Festival Internazionale del Cinema di Frontiera, anno ventunesimo. Nel borgo marinaro di Marzamemi, frazione del Comune di Pachino, in provincia di Siracusa, dal 14 al 19 settembre, va in scena la kermesse siciliana dei film d’autore. Sei giorni, 4 schermi, 20 lungometraggi, 6 film in concorso, 20 corti, di cui 15 in concorso. E, ancora, 12 incontri con gli autori, 6 performance teatrali, 2 spettacoli musicali e oltre 30 ospiti. Questi i numeri dell’edizione 2021 del Cinema di Frontiera. Sono sei le bellissime location del Festival: la Piazza Regina Margherita, la Loggia della Tonnara, il Cortile di Villadorata e, novità di quest’anno, anche la Sala Politeama di Pachino. La manifestazione è ideata e diretta da Nello Correale e organizzata dalla Associazione Turistica Pro Loco Marzamemi e Tipota Movie Movie Company, in collaborazione con l’associazione Cenaco.

Naturalmente, non può mancare in questa XXI edizione, un ricordo di Franco Battiato, amico e sostenitore della manifestazione sin dalla prima edizione. I film del Festival Internazionale del Cinema di Frontiera e gli eventi collaterali sono presenti, dal 14 al 20 settembre, sul magazine online MyMovies. Da segnalare anche la collaborazione con Mubi, la piattaforma streaming del cinema d’autore.
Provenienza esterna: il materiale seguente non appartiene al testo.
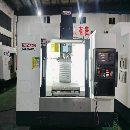 2022年德扬DV-850加工中心，发那科OI-MF Plus系统，带.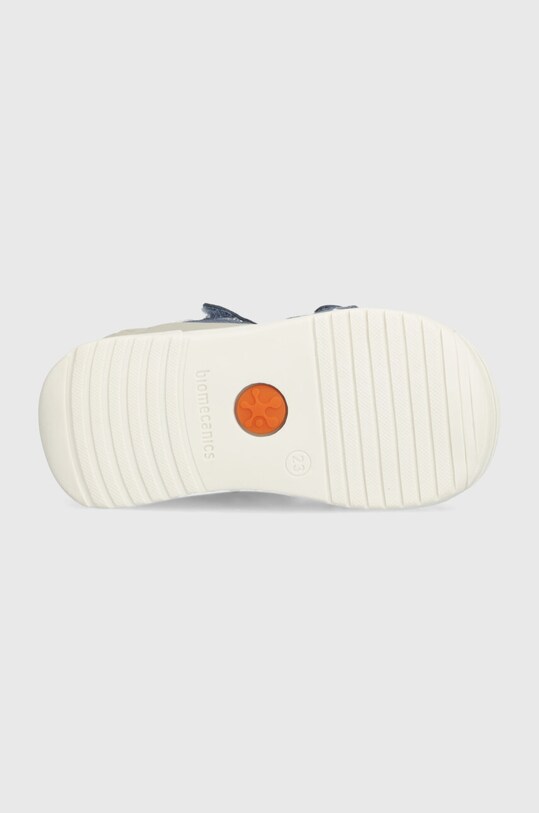 Biomecanics sandale din piele pentru copii 242127 albastru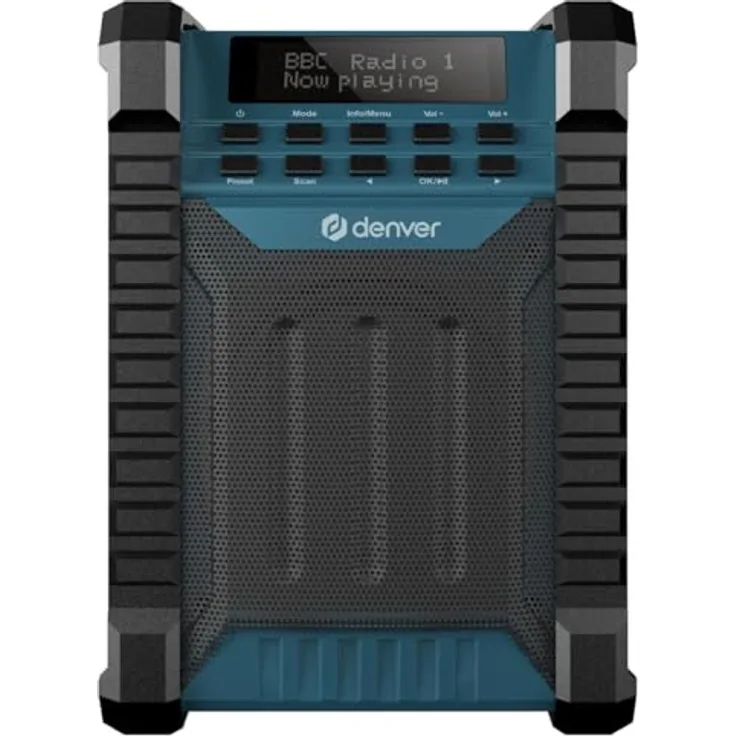 DENVER DAB+/UKW-Baustellenradio WRD-60, Bluetooth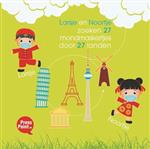Larsje en Noortje zoeken zoeken 27 mondmaskertjes door 27 landen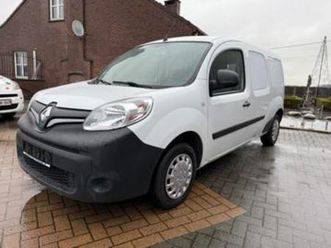 ② kangoo euro 6 met maar 33.000 km !! — camionnettes & utilitaires — 2ememain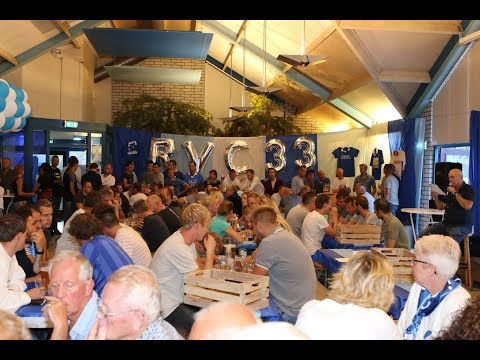 Reunietoernooi RVC '33 - 85-jarig bestaan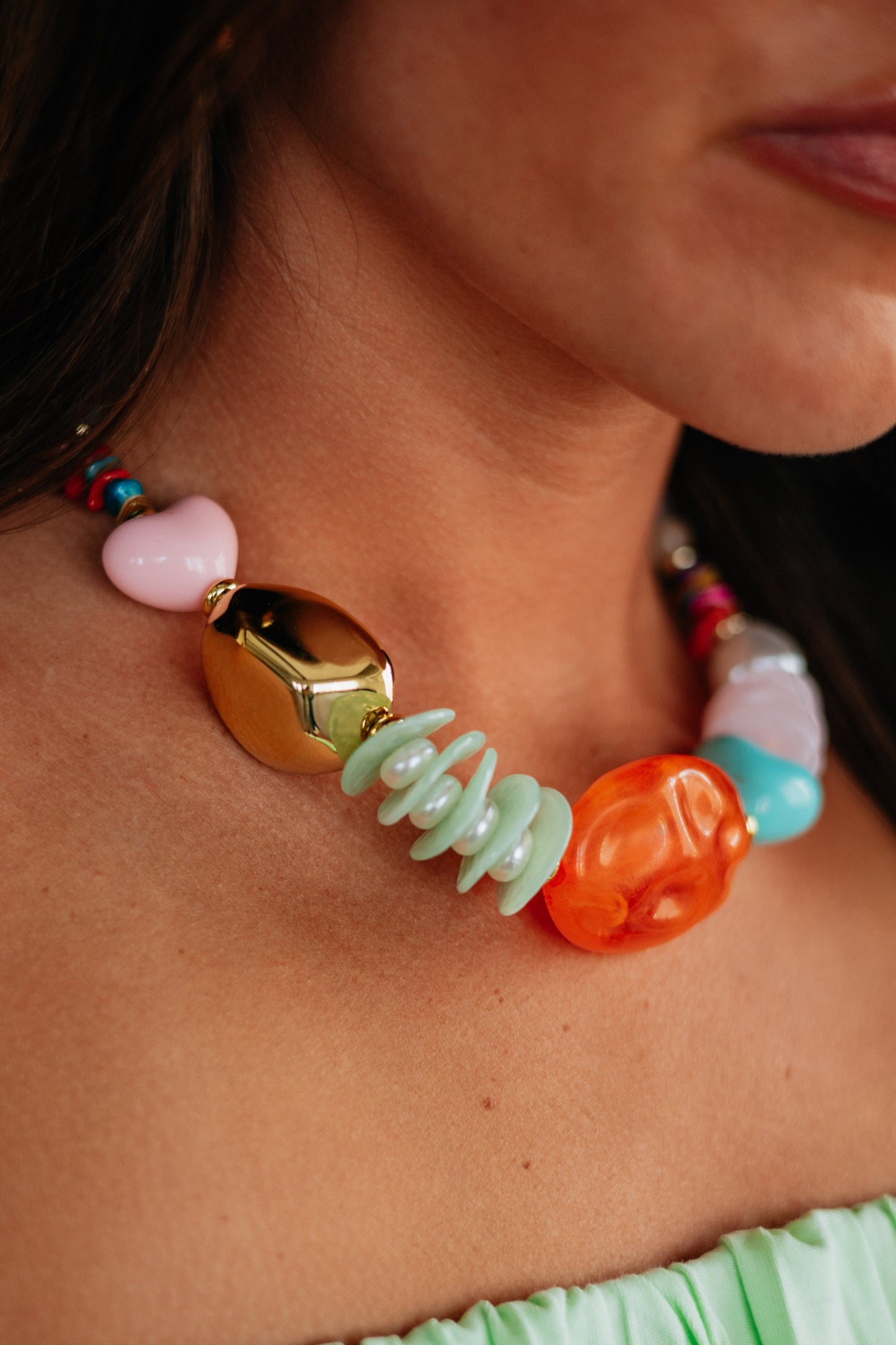 Tinsley Gemstone Necklace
I film del Festival sono presentati da numerosi di cineasti e artisti engagé: l’attore e montatore iraniano Babak Karimi; l’attore Luca Zingaretti, testimone dei vent’anni della storia della manifestazione; il regista Luca Lucchese, giovane collaboratore di Wim Wenders; il regista italiano di origine irachena Haider Rashid; l’attrice Lucia Sardo; il regista e direttore della fotografia Daniele Ciprì; il regista Pasquale Scimeca; il musicista Mario Incudine, che chiude la kermesse con uno spettacolo curato insieme a Moni Ovadia.

A inaugurare la proiezione dei film in Concorso è Europa, film fresco vincitore di un premio dalla Quinzaine des Réalisateurs 21, presentato da Rashid. Seguono: Il matrimonio di Rosa, la commedia della regista spagnola Icíar Bollaín (in anteprima); Gagarine di Fanny Liatard e Jérémy Trouilh, film rivelazione francese, presentato sulla Croisette; dal Tibet cinese, Balloon di Pema Tseden; Herself (La vita che verrà), una storia diretta da Phyllida Lloyd, che tratta con leggerezza temi profondi. Inoltre, il magico, ultimo film dell’autore cileno Patricio Guzmán, La cordigliera dei sogni.

A questi titoli si aggiungono, Fuori concorso, A Black Jesus prodotto da Wim Wenders e presentato da Lucchese; L’isola incantata di Scimeca, che racconta il lirismo della sua Sicilia; un omaggio a Nino Manfredi, per i cento anni dalla nascita, con la proiezione di Pane e cioccolata di Franco Brusati. E, come da vent’anni a questa parte, il film muto in piazza, con la musica dal vivo dell’ensemble Darshan: The crowd (La folla, 1928) di King Vidor, in ricordo dello storico del cinema Sebastiano Gesù, al quale, da quest’anno, viene dedicato un premio nazionale promosso dal festival insieme al Centro studi cinematografici.

Molto ricca la sezione del “ConCorto”. Al Concorso dei cortometraggi della kermesse siciliana, sono giunti 171 film brevi. Tra corti di finzione e documentari, il Festival mostra una serie di opere di respiro autenticamente internazionale, che travalicano il cinema mediterraneo. La Selezione Ufficiale dei corti è firmata dalla Filmoteca Laboratorio 451 e curata dal giornalista Andrea Di Falco, in collaborazione con Chiara Pitti, Elisa Ragusa e Francesco Savarino. In anteprima assoluta, Fuori Concorso, viene proiettato sullo schermo di Piazza Regina Margherita il corto Migrants (Usa-Italia 2021, 5’), di Paolo Pellegrin (video director Paolo Freschi) membro effettivo dell’agenzia Magnum Photos.